Caption-style text data
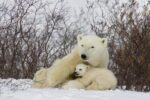 Polar Bear cubs nursing, Wapusk National Park, Manitoba, Canada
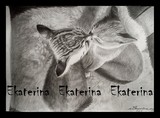 by Katya Wentz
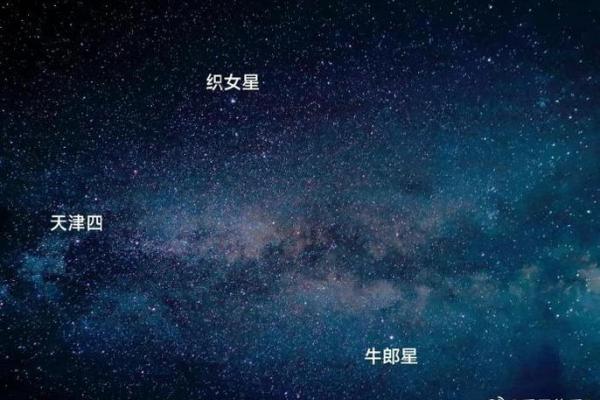 牛郎星是属于什么星座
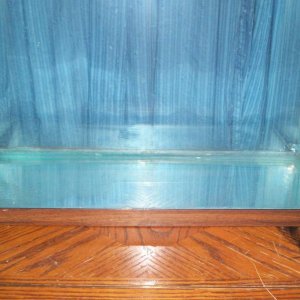 Tank Length 24"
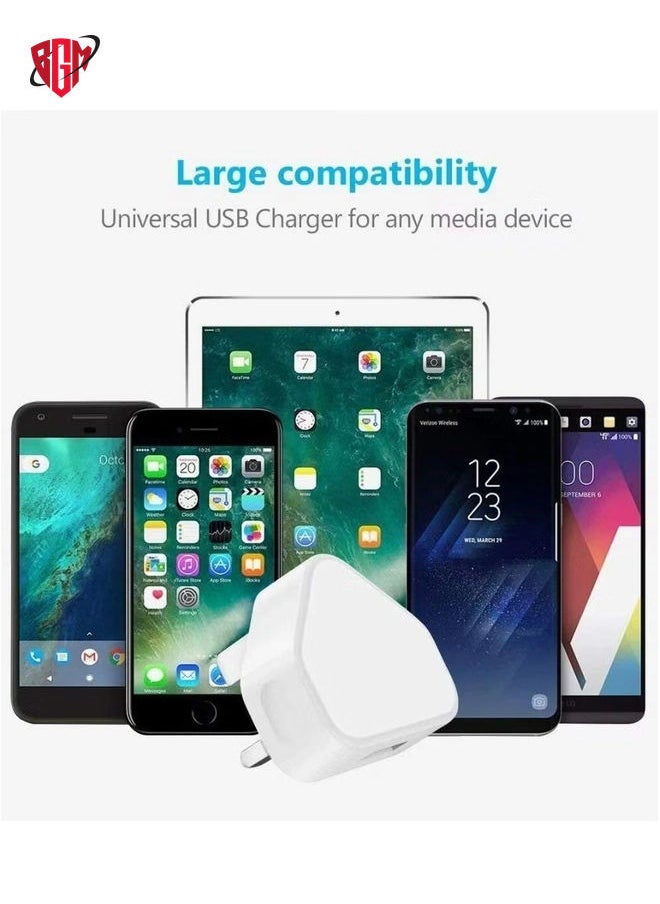 BGM - 5V 1A USB Charger Cable and Plug Compatible for Apple iPhone 5S/6/6S/6 Plus/6S Plus/7/7 Plus/8/8 Plus/XS/X/XS Max/11/XR/iPod Touch 5G Power Cord - Image 1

Exercise instructions. Exactly as written, reproduce all of the entries while dropping the pictures.

The answer.
 Polar Bear cubs nursing, Wapusk National Park, Manitoba, Canada
 by Katya Wentz
 牛郎星是属于什么星座
 Tank Length 24"
 BGM - 5V 1A USB Charger Cable and Plug Compatible for Apple iPhone 5S/6/6S/6 Plus/6S Plus/7/7 Plus/8/8 Plus/XS/X/XS Max/11/XR/iPod Touch 5G Power Cord - Image 1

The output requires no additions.